Stonegate’s debt issues come after the pub company was criticised for introducin­g so-called “surge pricing” in 800 of its pubs last year, charging customers as much as 20p more per pint when football matches and other events are on.

Stonegate said at the time this would cover the increased costs associated with big events such as extra staff and increased security.

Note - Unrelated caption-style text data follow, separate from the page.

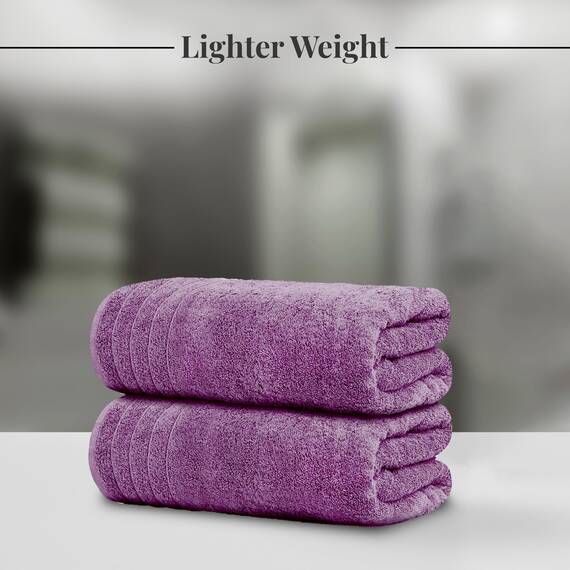 Tens Towels Badetücher Set, 2 extra große Badetücher, 2 Handtücher, 4 Waschlappen, 100% Baumwolle, schnell trocknend, Badhandtücher Set für den täglichen Gebrauch (8 Stück) (Pflaume)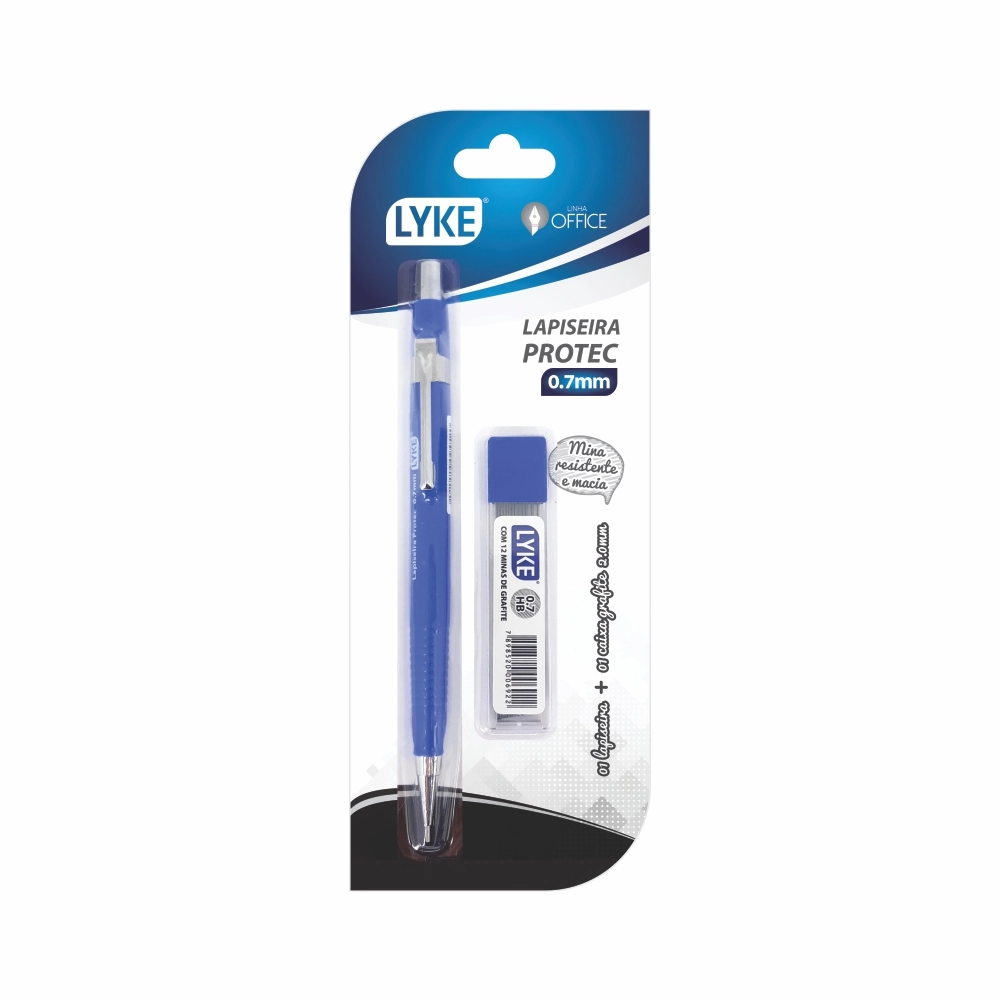 Lapiseira Protec Azul 0.7mm Grafite Blister Lo101 490 Lyke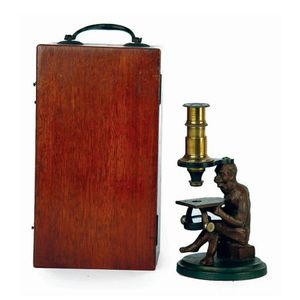 A vintage miniature microscope, attached to a cast iron monkey…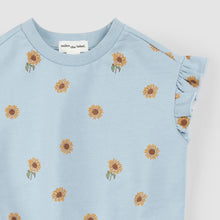 Load image into Gallery viewer, Miles the Label Baby Girls Sunflower Print on Celestial Blue Shorts Set
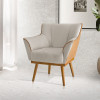 Kit 10 Poltronas Decorativas Floresta Base em Madeira Veludo Bege com Courino - 2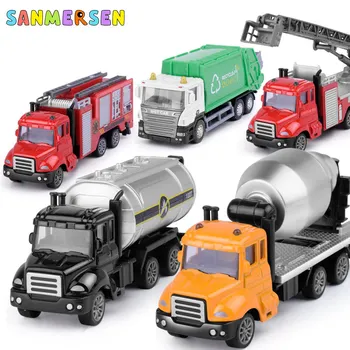 

1:64 Mini Car Toys Vehicle Alloy Engineering Vehicle Fire Truck Police Kids Toys Pull Back Car Model Toy for Boys Children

Stonegate is not the only big pub company to use surge pricing. Phil Urban, the chief executive of Mitchells & Butlers – which owns the All Bar One and Nicholson’s pub chains – admitted doing the same and said the practice had been around “forever and a day”.

He said: “In our case, yes, we do it. It’s always been around in the industry, when the costs of operation for particular events are high, then sometimes people price accordingl­y.”

Gary Lindsay, managing partner at TDR Capital, told the business and trade select committee in January that he was “confident” Stonegate would be able to refinance its debts.

Revenues at Stonegate rose by just over £100m to £1.7bn in the year to September 2023, with the company recording a pre-tax loss of £257m.

Stonegate said: “While the macroecono­mic environmen­t continues to have an impact and the cost of living crisis has led to lower profit and operating cash flows, overall the group has delivered a highly respectabl­e performanc­e.”